Good article. One subtle thing to note is that "offcore" and "uncore" events, while they might sound related, are very different in practice.
Offcore Response events let you gather counts for cache results that have gone "offcore". There is a separate MSR (outside the normal MSR range) that you can set that will filter these cache results based on exactly where the offcore cache request was handled.
Much of the debate referenced in this article was sparked because this extra MSR was newly exposed via the "config1" field in the perf_event_attr structure in the perf_events.h header file. (It still is, just now your program will fail if you try to program that field).

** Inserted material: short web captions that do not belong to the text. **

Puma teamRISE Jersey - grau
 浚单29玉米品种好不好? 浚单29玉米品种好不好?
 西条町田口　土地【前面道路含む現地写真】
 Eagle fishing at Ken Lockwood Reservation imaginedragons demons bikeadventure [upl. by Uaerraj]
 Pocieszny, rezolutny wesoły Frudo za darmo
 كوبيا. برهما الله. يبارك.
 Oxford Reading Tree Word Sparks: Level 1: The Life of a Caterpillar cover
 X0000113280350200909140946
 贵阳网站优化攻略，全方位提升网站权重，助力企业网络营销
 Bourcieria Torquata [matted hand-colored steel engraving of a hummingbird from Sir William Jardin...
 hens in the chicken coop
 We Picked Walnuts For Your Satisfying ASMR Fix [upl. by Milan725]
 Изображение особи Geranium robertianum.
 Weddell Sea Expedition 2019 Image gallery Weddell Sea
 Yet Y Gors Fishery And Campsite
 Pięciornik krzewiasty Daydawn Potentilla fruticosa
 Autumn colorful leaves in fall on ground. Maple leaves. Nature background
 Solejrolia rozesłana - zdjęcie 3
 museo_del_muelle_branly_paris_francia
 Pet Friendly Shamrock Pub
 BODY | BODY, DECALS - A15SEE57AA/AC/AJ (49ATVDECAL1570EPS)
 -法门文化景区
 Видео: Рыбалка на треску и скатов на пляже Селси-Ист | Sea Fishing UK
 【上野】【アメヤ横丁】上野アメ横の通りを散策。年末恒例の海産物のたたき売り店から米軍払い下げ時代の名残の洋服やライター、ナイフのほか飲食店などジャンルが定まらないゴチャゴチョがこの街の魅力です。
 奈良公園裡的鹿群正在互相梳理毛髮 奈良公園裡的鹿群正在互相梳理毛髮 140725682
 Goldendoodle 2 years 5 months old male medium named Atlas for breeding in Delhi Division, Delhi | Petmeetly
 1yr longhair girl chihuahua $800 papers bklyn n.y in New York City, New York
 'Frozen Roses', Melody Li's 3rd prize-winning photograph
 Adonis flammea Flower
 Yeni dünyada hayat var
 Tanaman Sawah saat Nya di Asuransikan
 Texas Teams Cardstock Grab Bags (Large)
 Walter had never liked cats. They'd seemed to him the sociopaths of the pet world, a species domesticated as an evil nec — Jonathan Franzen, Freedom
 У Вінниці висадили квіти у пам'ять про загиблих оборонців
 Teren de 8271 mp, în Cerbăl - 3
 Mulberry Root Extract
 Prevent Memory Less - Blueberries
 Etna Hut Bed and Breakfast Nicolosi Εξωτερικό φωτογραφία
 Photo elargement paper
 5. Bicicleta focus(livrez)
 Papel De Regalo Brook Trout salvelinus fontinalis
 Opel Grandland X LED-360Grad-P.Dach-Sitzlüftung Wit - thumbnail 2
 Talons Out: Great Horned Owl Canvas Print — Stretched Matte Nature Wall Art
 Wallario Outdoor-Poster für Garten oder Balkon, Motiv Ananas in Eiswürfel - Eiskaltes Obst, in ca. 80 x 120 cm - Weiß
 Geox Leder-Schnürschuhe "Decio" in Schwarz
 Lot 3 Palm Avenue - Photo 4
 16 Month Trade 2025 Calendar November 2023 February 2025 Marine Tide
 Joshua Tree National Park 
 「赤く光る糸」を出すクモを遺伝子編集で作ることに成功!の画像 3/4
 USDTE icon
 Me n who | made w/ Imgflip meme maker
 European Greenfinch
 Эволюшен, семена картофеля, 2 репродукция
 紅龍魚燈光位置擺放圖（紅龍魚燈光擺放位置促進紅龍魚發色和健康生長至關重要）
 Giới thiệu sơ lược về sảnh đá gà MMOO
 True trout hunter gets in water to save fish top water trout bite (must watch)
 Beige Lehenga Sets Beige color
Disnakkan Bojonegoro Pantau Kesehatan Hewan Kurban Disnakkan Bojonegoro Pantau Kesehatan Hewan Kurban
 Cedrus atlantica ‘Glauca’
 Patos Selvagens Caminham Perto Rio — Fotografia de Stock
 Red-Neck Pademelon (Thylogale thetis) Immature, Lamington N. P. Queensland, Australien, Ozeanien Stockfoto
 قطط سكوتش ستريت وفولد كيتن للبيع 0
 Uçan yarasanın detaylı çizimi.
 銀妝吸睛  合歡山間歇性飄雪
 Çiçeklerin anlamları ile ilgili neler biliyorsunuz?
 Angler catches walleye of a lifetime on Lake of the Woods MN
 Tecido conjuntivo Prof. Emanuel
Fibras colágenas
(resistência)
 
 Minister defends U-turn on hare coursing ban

Uncore events are events handled by a separate PMU that handles chip-wide (rather than per-core) counters. This includes things like the memory controller, interconnect logic, and the last-level cache. To support this properly the kernel will have to be patched in much more intrusive ways (to support having multiple PMUs active at once, and to also figure out complicated issues. Such as: an uncore-PMU counteroverflowed. Which of the cores gets notified? Which cores is it even relevant too? A tricky problem).
As per Ingo's complaint that you have to pass dense hex values to perf... that's a failing with perf. You can use the very nice "libpfm4" library to use nice names for these events as documented in the various vendor manuals. There have been patches to have perf link against libpfm4, but it doesn't seem to have gone anywhere.